I thought this would be a good thing to do and went through the initiation process and ceremony. Later as a member of the Gamma Theta Chapter of HKN, I attended chapter meetings, participated in the initiation of additional new members and was generally involved in chapter activities on the Rolla, MO campus.
After I graduated and took my first “real” engineering job, my contact with HKN was through the copies of THE BRIDGE magazine that regularly appeared in my mailbox. I read the magazine with interest, if only to see how my old college chapter was doing.
All that changed one day when I received a call from the late Dr. J.R. “Bob” Betten, who was then the National Executive Secretary of HKN. Bob invited me to serve on the National Board of Directors of HKN. It was quite an honor and I eagerly accepted, not knowing how informative and enlightening my service on the HKN Board would prove to be.
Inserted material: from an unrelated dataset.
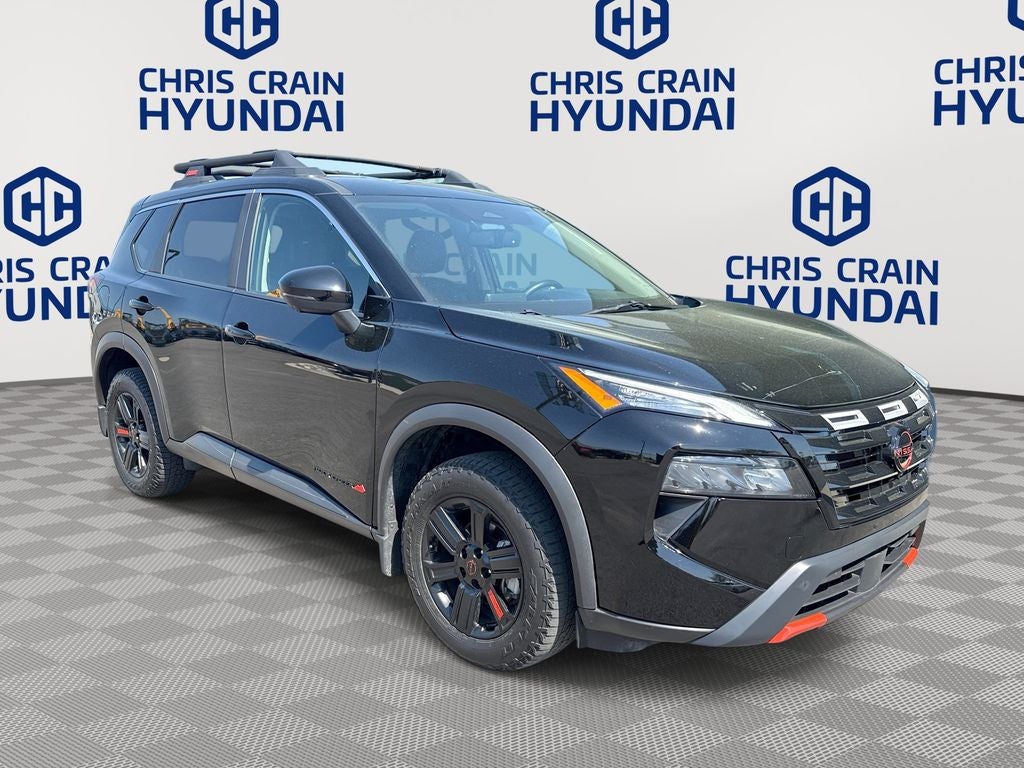 2025 Nissan Rogue Rock Creek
My first Board meeting was on the East Coast. Attendees included men and women whose names I recognized from journal articles, textbooks, and magazine stories, individuals who were leaders in the world of electrical and computer engineering. I was impressed that they, though they had advanced far in their profession, still held allegiance to the principles laid out in the HKN codes and charters. From this side of the mirror, HKN was much more than a little student organization in Rolla, MO. It was an international group of individuals who still believed in and lived by those character qualities stressed by HKN, and which continued to serve as guides through their careers.
Subsequent Board meetings only served to reinforce my initial impressions. HKN was so much more than a student group with a post office box in Rolla, MO. It was a lot more than just a “resume builder” to put on job applications. It is a lifelong community of men and women who strive to live by the codes and creeds of HKN.
I wished then, as I do now, that I could take student members out to the national meetings and show them the other side of the organization. There is indeed much to see and learn on the other side of the HKN mirror.